The problem
Using the entries that follow, please report how many lines contain the word "Shota", with no other words.

[[ Records to process, beginning ]]

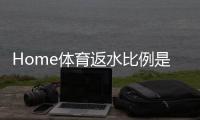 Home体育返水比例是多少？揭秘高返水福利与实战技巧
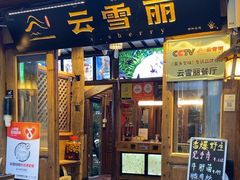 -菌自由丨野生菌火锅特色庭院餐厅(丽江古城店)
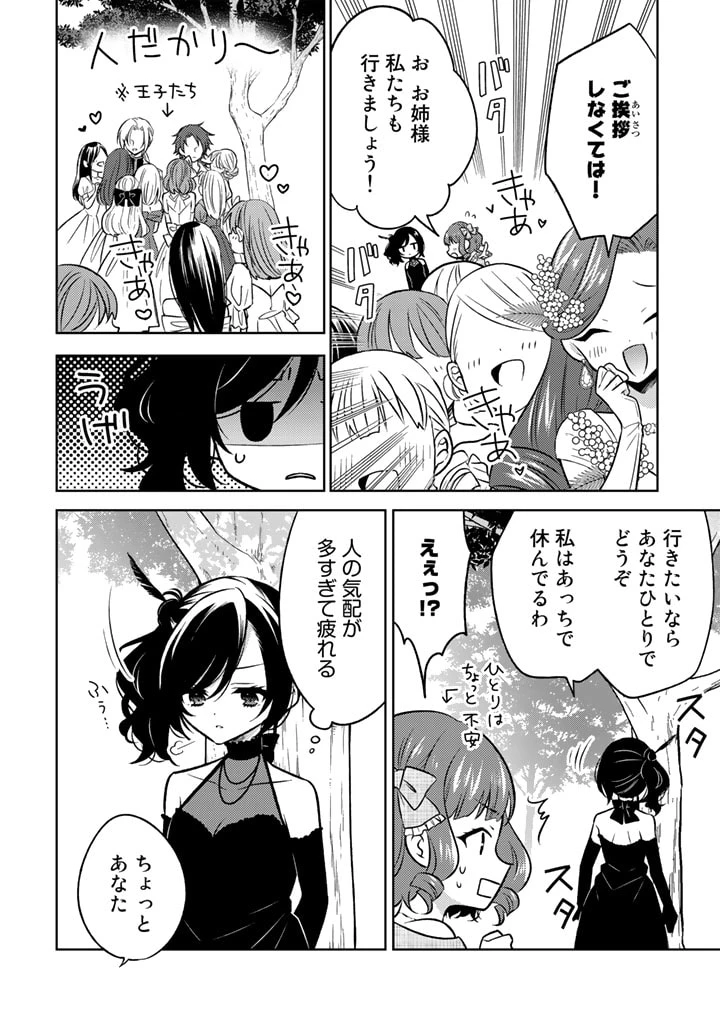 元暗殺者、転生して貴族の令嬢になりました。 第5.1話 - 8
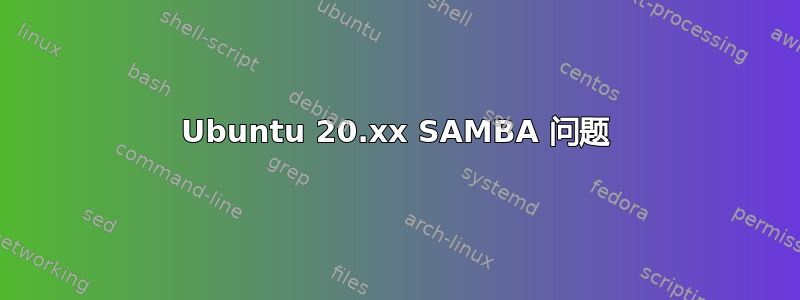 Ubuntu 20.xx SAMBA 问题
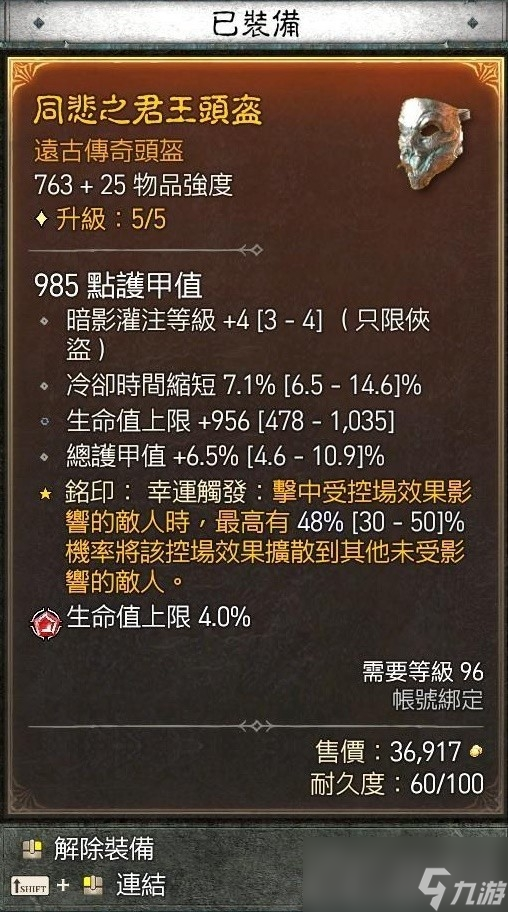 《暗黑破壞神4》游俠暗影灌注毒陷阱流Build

[[ Records to process, end ]]
[[ Records to process, beginning ]]

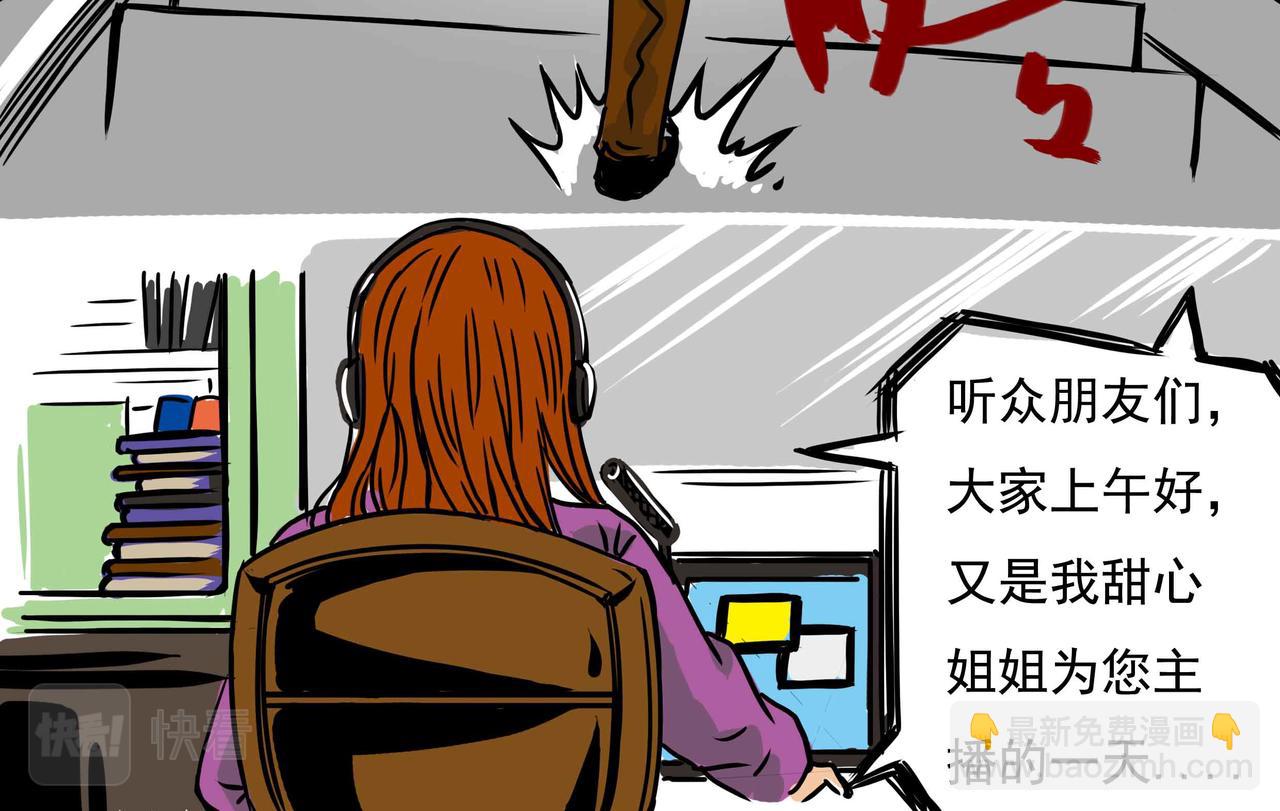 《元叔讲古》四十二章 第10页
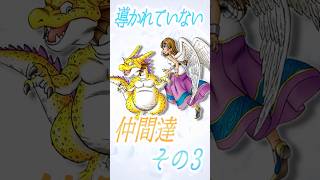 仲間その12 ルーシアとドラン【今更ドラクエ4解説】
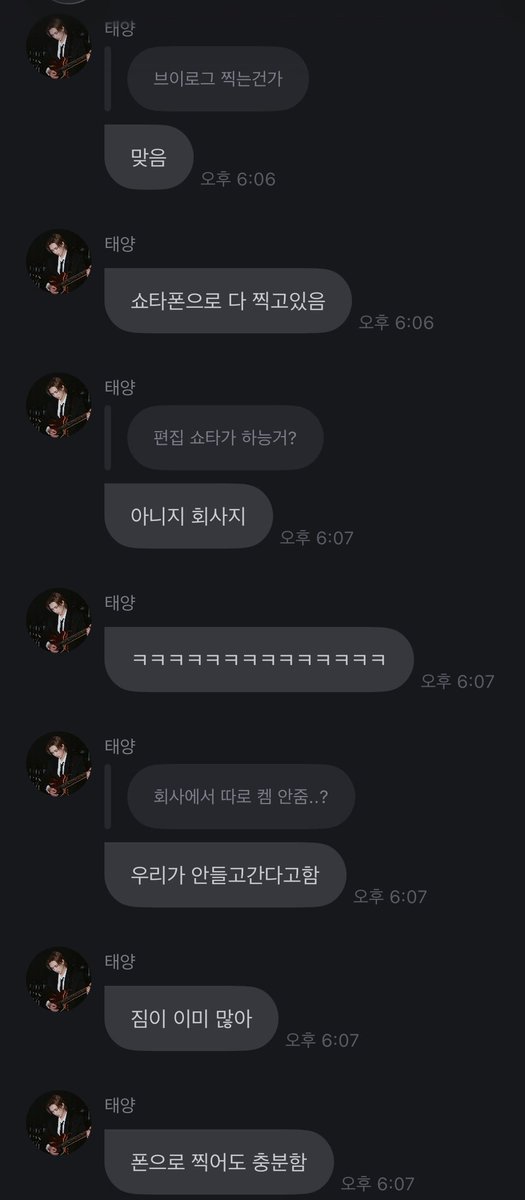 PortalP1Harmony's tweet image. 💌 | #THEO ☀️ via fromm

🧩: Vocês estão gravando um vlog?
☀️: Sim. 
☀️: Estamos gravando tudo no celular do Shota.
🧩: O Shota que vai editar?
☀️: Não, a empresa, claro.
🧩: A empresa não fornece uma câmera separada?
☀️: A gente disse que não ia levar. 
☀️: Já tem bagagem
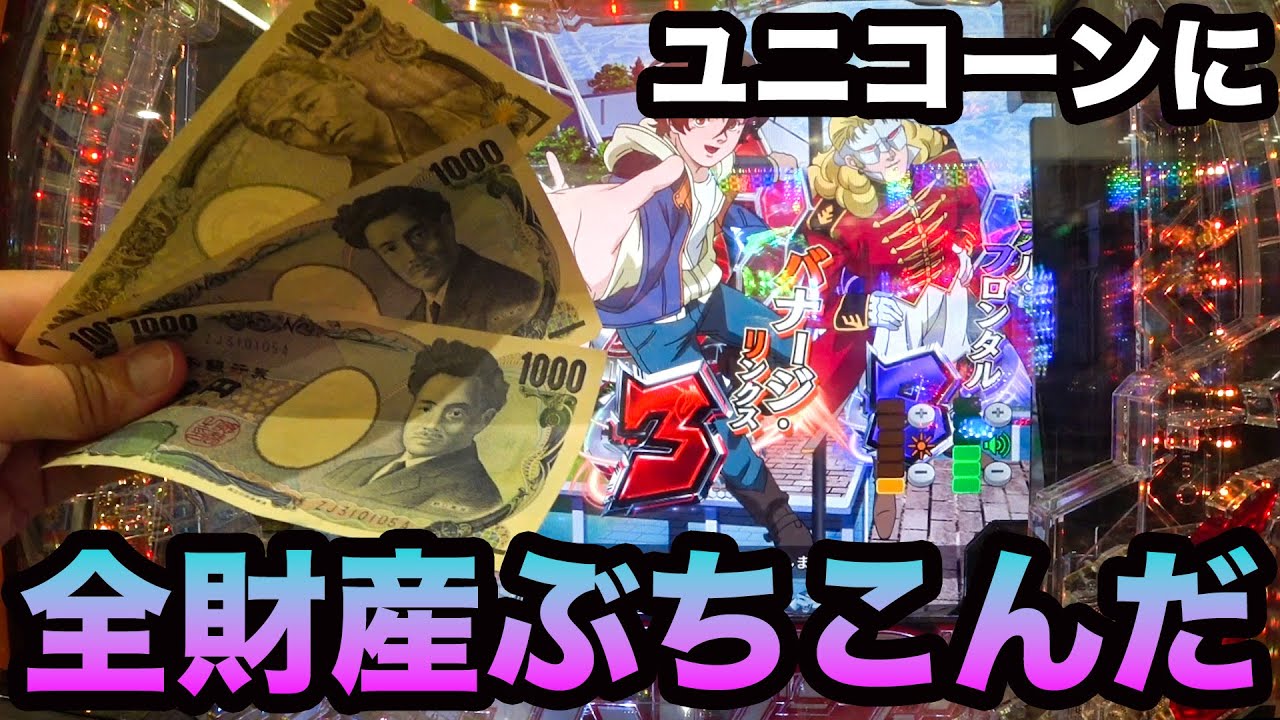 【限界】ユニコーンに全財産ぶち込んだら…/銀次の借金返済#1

[[ Records to process, end ]]

Response to this task
2